**TASK DIRECTIONS**:
Transcribe all the records exactly and omit any images they hold.

**DATASET RECORDS**:
=== Begin Enclosure ===
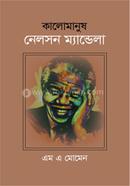 কালো মানুষ নেলসন ম্যান্ডেলা 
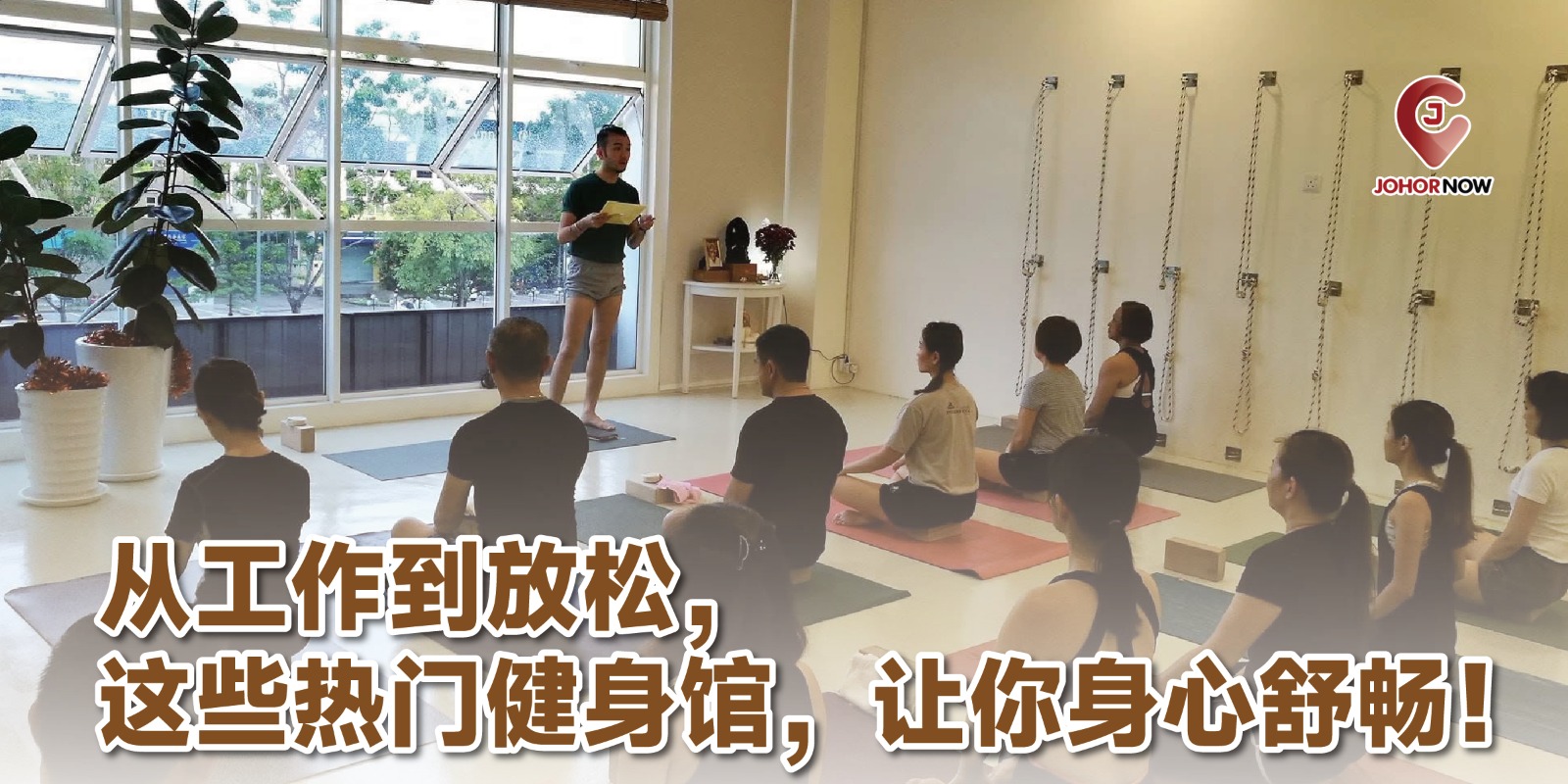 【从工作到放松，这些热门健身馆🧘‍♀️让你身心舒畅！】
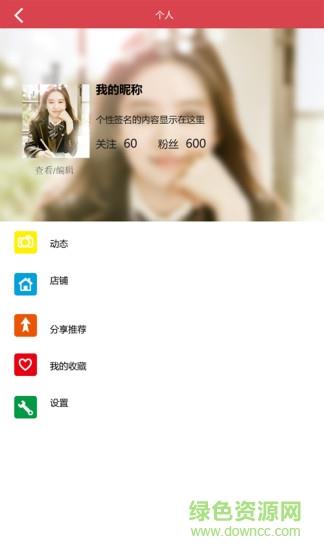 华人街截图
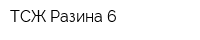 ТСЖ Разина 6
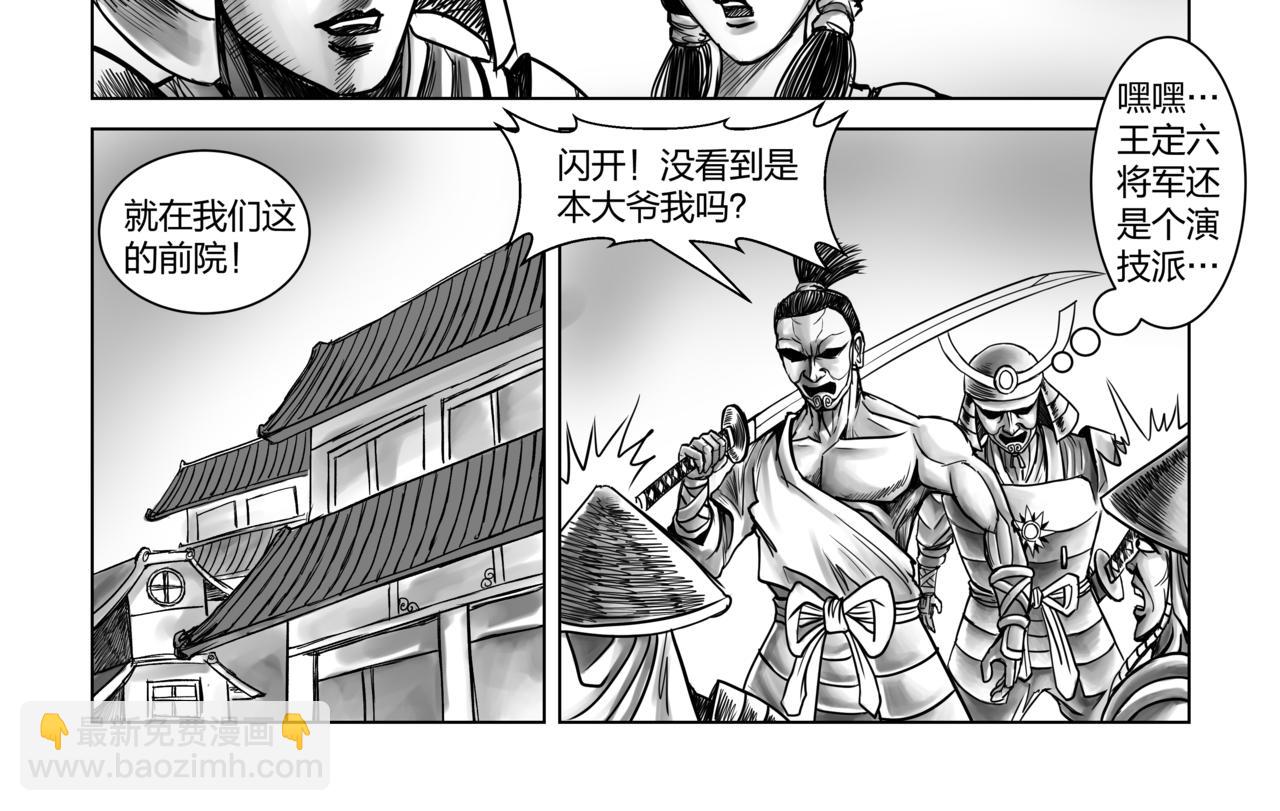 第5章 武府风云-第5话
=== End Enclosure ===
**RESPONSE TO THIS EXERCISE**:
 কালো মানুষ নেলসন ম্যান্ডেলা 
 【从工作到放松，这些热门健身馆🧘‍♀️让你身心舒畅！】
 华人街截图
 ТСЖ Разина 6
 第5章 武府风云-第5话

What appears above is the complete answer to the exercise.